» **YOUR ASSIGNMENT**: Using the listing below, copy exactly each line from the one that has "1546 Honey Bee Ln - Photo 3 of 17" through the one that has "Colorful tattoo by"; omit the pictures.

» **DATA FOR THIS EXERCISE**:
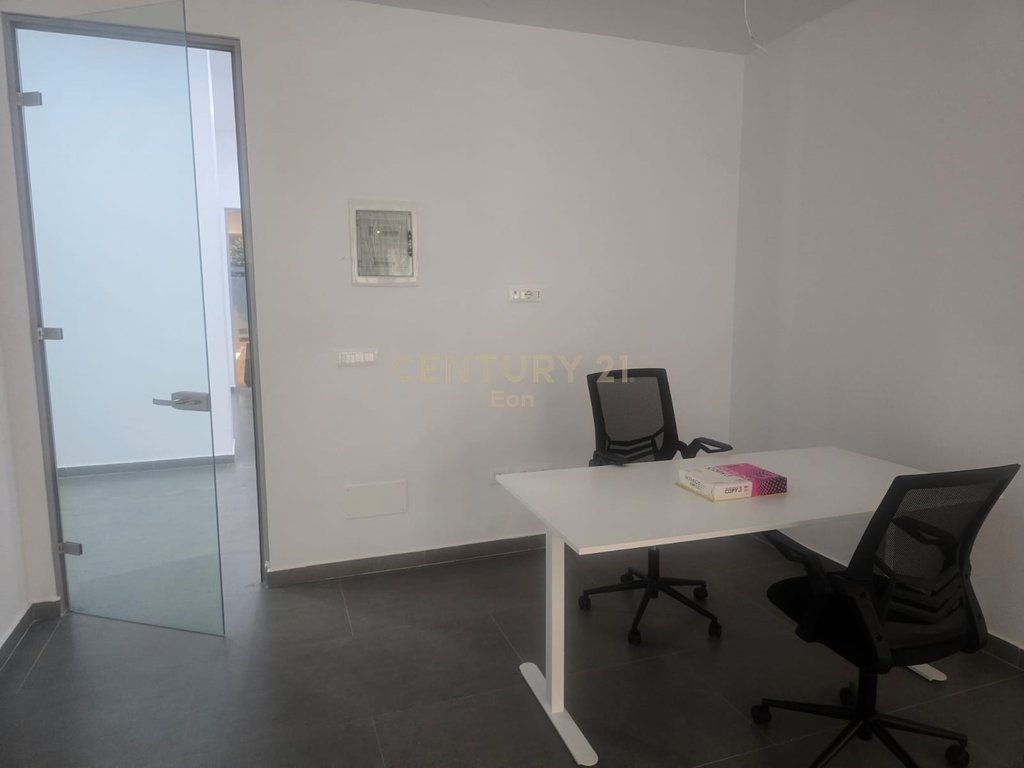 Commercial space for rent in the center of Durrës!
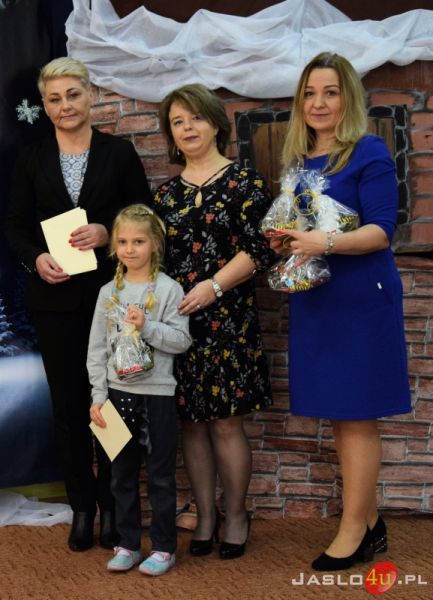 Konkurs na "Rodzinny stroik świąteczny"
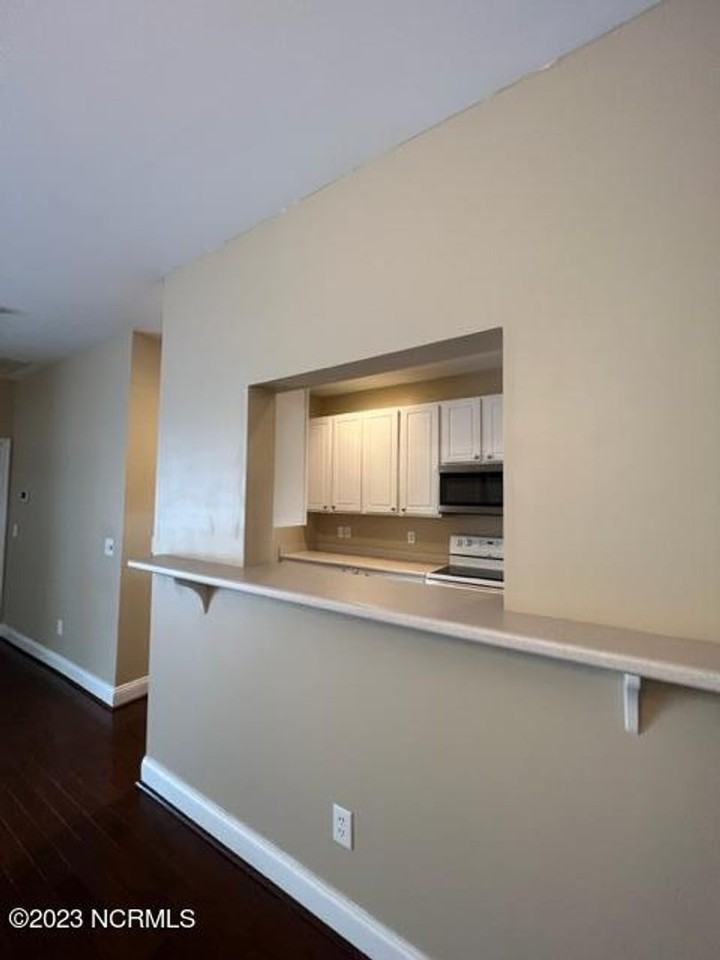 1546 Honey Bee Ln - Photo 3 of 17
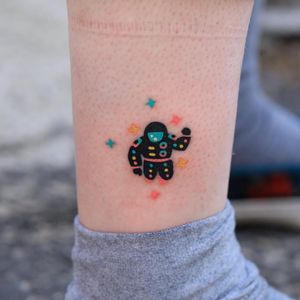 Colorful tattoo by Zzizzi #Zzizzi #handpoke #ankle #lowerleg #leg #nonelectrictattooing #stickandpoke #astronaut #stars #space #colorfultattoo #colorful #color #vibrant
==
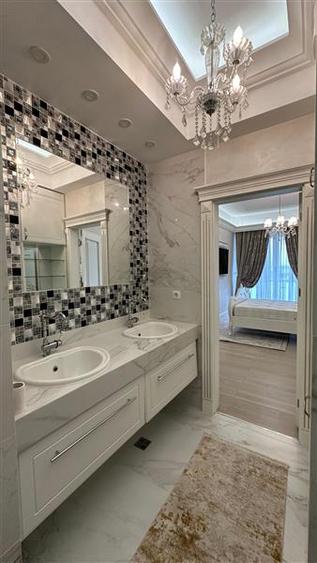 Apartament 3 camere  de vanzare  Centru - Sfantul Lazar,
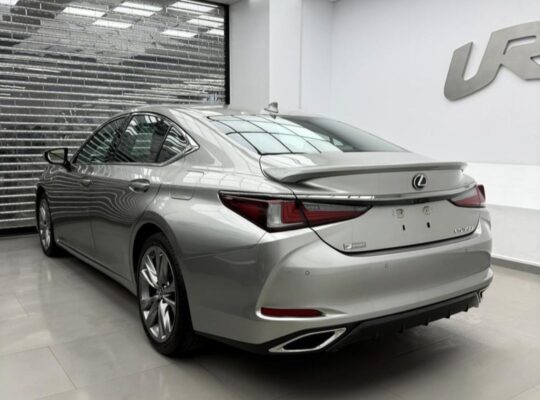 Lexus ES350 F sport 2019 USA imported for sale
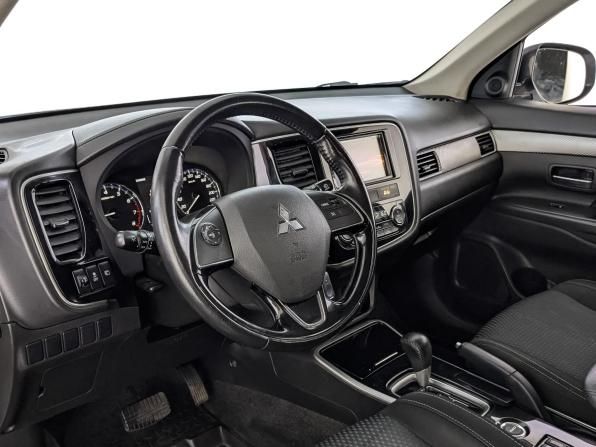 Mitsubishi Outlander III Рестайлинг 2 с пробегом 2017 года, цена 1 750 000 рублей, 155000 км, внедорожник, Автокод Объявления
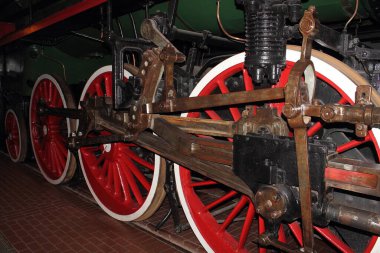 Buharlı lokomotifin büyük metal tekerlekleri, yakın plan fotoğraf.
==
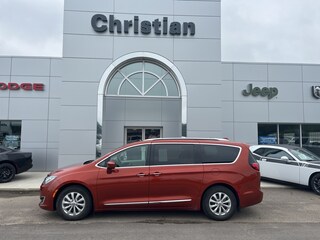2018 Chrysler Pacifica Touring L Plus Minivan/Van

» **REPLY**:
 1546 Honey Bee Ln - Photo 3 of 17
 Colorful tattoo by Zzizzi #Zzizzi #handpoke #ankle #lowerleg #leg #nonelectrictattooing #stickandpoke #astronaut #stars #space #colorfultattoo #colorful #color #vibrant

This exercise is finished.